About this exercise:
Output nothing but the lines from the beginning of the listing below through the line containing "El ministro de", exactly as they stand, without pictures.

Supplied information:

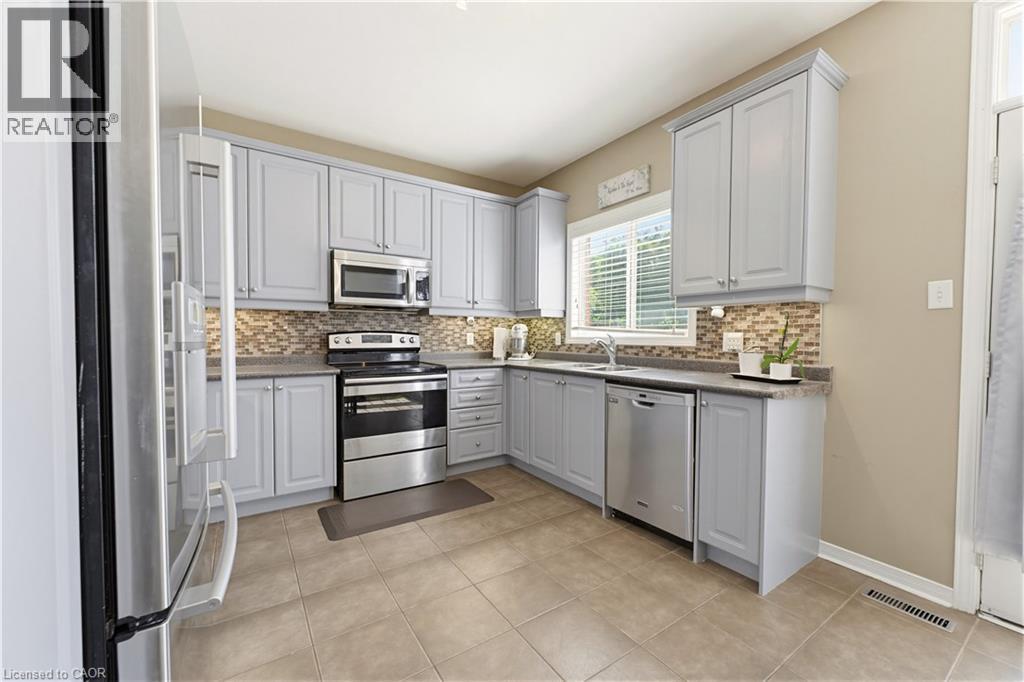 359 Pine Valley Drive, Kitchener, Ontario  N2P 2V4 - Photo 13 - 40859661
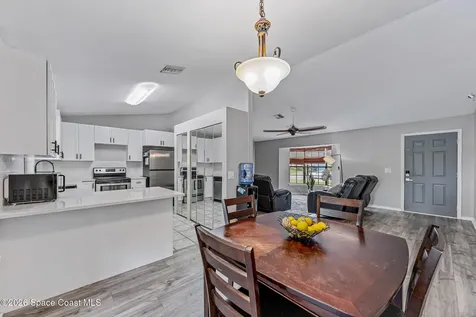 776 Beacon Street NW Palm Bay FL 32907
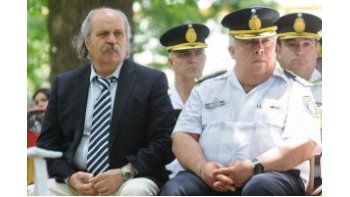 El ministro de Seguridad de la Provincia de Buenos Aires, Alejandro Granados junto al Superintendente General de Policía, comisario general Hugo Matzkin.
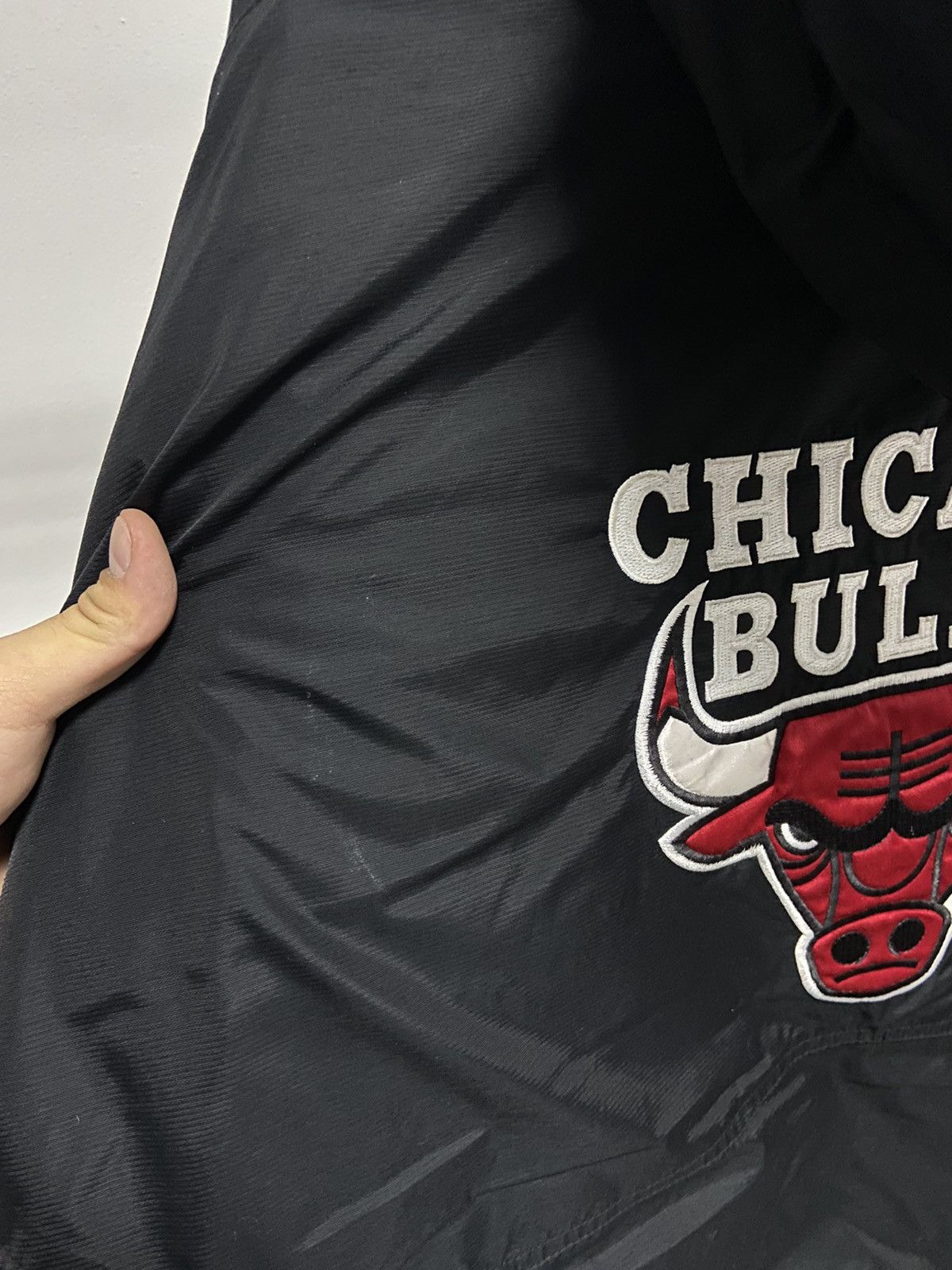 NBA × Vintage Chicago Bulls 90s Vintage Big Logo Puffer Jacket Nylon NBA Size US XL / EU 56 / 4 - 7 Thumbnail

Task output:
 359 Pine Valley Drive, Kitchener, Ontario  N2P 2V4 - Photo 13 - 40859661
 776 Beacon Street NW Palm Bay FL 32907
 El ministro de Seguridad de la Provincia de Buenos Aires, Alejandro Granados junto al Superintendente General de Policía, comisario general Hugo Matzkin.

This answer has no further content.